### Collected material ###

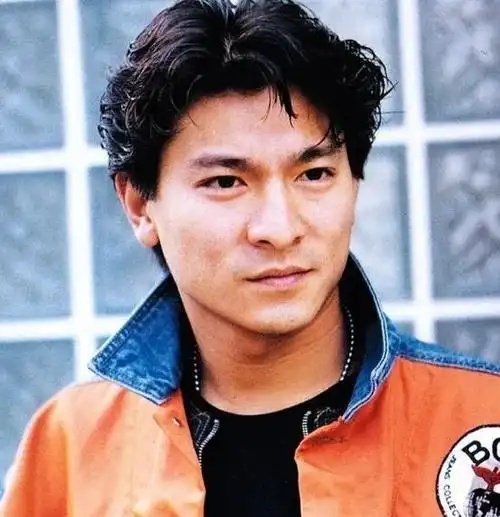 刘德华回应隐婚生子,我以为是可以的,上一代的艺人也没讲_偶像_隐私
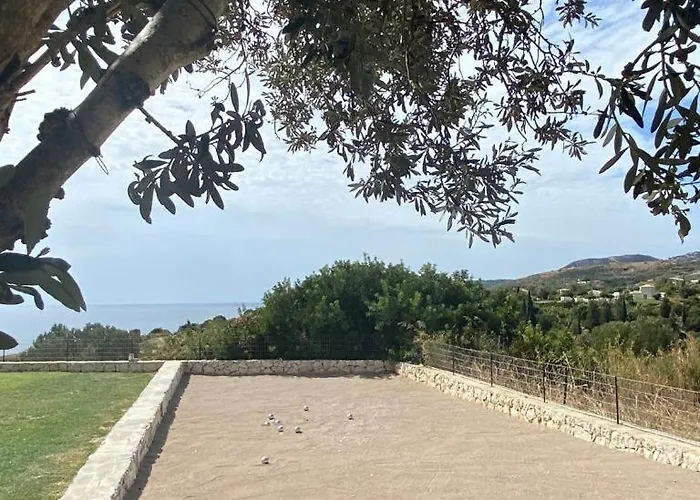 Darymine * Skala (Kefalonia)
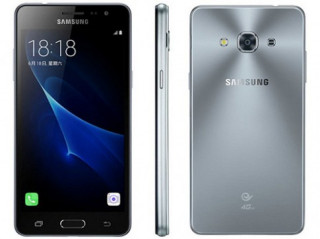 Samsung Galaxy J3 Pro màn hình 5 inch, giá 150 USD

###

▶ [Activity]: Without including the pictures, copy all of the data exactly.

▶ [Task response]:
 刘德华回应隐婚生子,我以为是可以的,上一代的艺人也没讲_偶像_隐私
 Darymine * Skala (Kefalonia)
 Samsung Galaxy J3 Pro màn hình 5 inch, giá 150 USD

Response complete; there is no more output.